Before it had finished that thought, five fingers had closed around its face, and with force that had no business being at the Threshold Realm, it was driven straight into the ground.

Yuan Tongtian felt every organ jar loose at once.

That strength didn’t belong to the Threshold. It was the realm it had been reaching toward its entire life.

How had a body-refinement practitioner with the output of a Jade Liquid cultivator managed to set up a sucker punch beforehand?

It didn’t work out the answer before a fist came down and caved in half its eye socket.

Blood flooded its nose and mouth, hot and copper-thick, spilling faster than it could hold back.

The sound of fists in the air was like a death god murmuring close to the ear.


Some distance away.

Zhang Tuhu threw another punch.

He and the Gaunt Monk had trained under the same roof — they knew each other’s patterns too well for either to gain ground quickly. The exchange had ground on without resolution.

Then one punch landed clean on the bridge of the nose.

The Gaunt Monk clapped both hands over his face, too pained to think clearly — blood leaking between his fingers — and stared past Zhang Tuhu at something in the distance.

“Getting old and you’re still pulling that trick — think I’d fall for it?
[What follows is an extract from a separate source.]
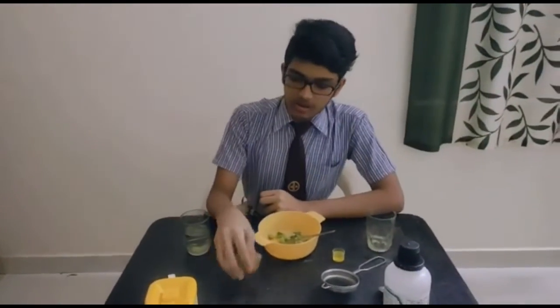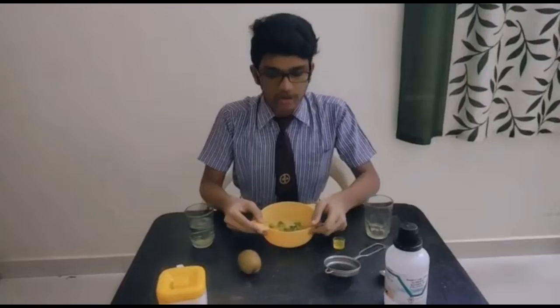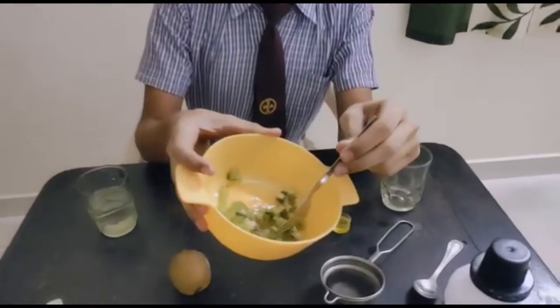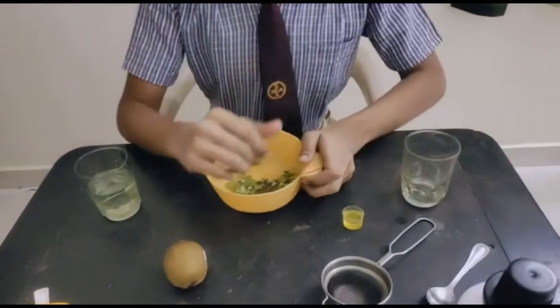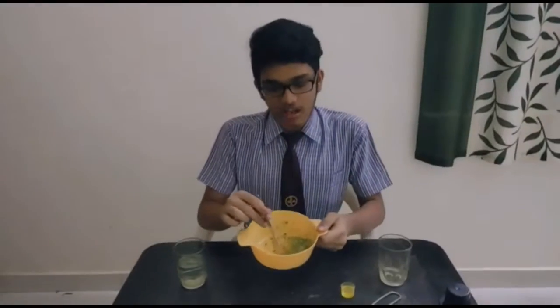First we should dice the kiwi into smaller pieces. Here I have already diced it into smaller pieces as you can see here. Next step is that we should mash it — so now I have mashed it here.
Today I’m finishing this, you disgrace to the sect—”

Zhang Tuhu raised his fist again, then noticed the Gaunt Monk’s fixed stare hadn’t moved.

He set his jaw and looked back.

A chill settled between his shoulder blades.

The twenty-odd soldiers and constables stood in a loose cluster, spears and crossbows hanging slack in their hands.

At the front, Shen Yi was crouched over the old ape, fist rising and falling with steady, expressionless force. The back of his hand was covered in red and white — thick, viscous, dripping steadily.

Each impact made the demon’s legs twitch once.

Until they stopped.

He stood slowly. A long breath left him in a pale cloud. Dark eyes swept back across the road.

The moment that gaze passed over them, constables and soldiers alike buckled — knees hitting the ground in a wave, too spent even to beg.

“How long was that…”

Zhang Tuhu swallowed.

He hadn’t even finished warming up. It was already over?

Two Greater Demons at Threshold Perfection, and they’d gone down without making any noise worth mentioning.

He glanced back at the Gaunt Monk.

The man was already twenty zhang away and moving — scrambling across the ground in a way that bore no resemblance to a trained martial artist, and every resemblance to a rabbit that had spotted a hawk.